Michael Moore‘s Fahrenheit 11/9, which screened Thursday evening at the Toronto Film Festival, slices and dices Donald Trump in rousing, unequivocal, almost joyful fashion. And I loved it for that. Trump evisceration is what most ticket-buyers will expect to see, of course. And yet this complex, tough-minded doc drills into Trump for only about 1/3 of its running time. Okay, maybe 40%.
Orange Cheeto, it turns out, isn’t the primary villain of Fahrenheit 11/9 as much as the ultimate demonic expression of a general climate of corrosion, corruption and (this is interesting) laissez-faire, moderation-favoring attitudes among complacent Democratic normalists and media types over the last quarter-century.

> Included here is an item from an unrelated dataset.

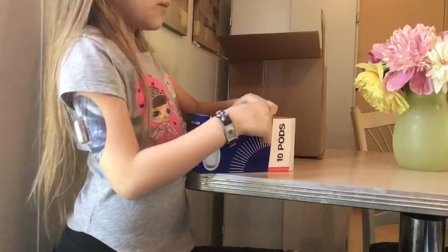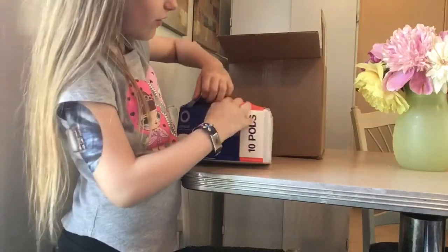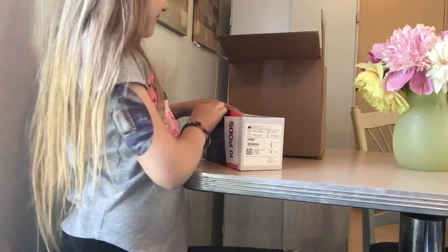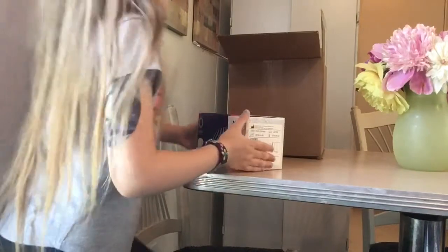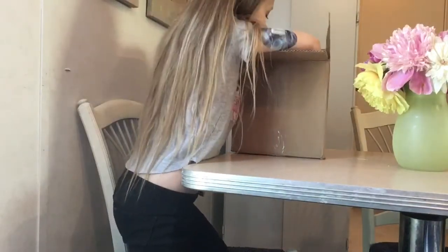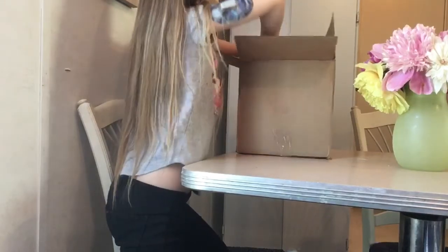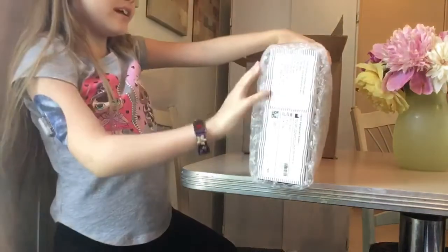In here there are more pods — these are like so cool. I'm so excited! I don't even know what's in here.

Bill and Hillary Clinton are portrayed as the principal causes of a general lack of trust and proliferation of cynicism among the body politic about mainstream liberal governance. The mainstream media is culpable also, Moore says. He also champions the hardcore, anti-corporate left (Alexandria Ocasio Cortez, David Hogg and the other activist Parkland massacre survivors, the legendary Bernie Sanders). And a good portion of the doc focuses on the mind-boggling, all-but-deliberate poisoning of Flint, Michigan’s water supply.
The doc basically says that Trump is a malignant force and a lying, blustering, Hitler-esque authoritarian, but the political system is full of enablers, and we all have to get real and throw these bums out and stand with the gutsy activist lefties of the moment and make this country into a semblance of an actual Democracy again….no more Obama-styled “hope” but action, action and more action, and no more half-measures or liberal pussyfooting.

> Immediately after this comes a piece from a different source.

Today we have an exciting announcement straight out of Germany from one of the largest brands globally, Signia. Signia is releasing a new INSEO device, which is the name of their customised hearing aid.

Moore’s ties to the working-class people of Michigan have always been his ace in the hole in terms of political-cultural insight and humanistic compassion. He was raised in the Flint suburb of Davison. In Moore’s youth Flint’s economy and General Motors factories were closely intertwined. His uncle LaVerne was one of the founders of the United Automobile Workers labor union and participated in the Flint Sit-Down Strike of 1936 and ’37.
Moore knows, of course, that much if not most of Trump’s support is rooted in demagoguery — in his skillful manipulation of racial resentments and anti-blue-state animus among the bumblefucks. Moore knows full well that racism is part of the mix, but he doesn’t touch it in Fahrenheit 11/9. He doesn’t want to pick at that ugly scab. But it’s obviously there, and the film would have been that much better if Moore had dealt with it to some extent.
How popular or influential will Fahrenheit 11/9 prove to be in terms of the upcoming midterm elections? It’ll help some, but the U.S. is a different culture than the one Fahrenheit 9/11 blew away 14 years ago.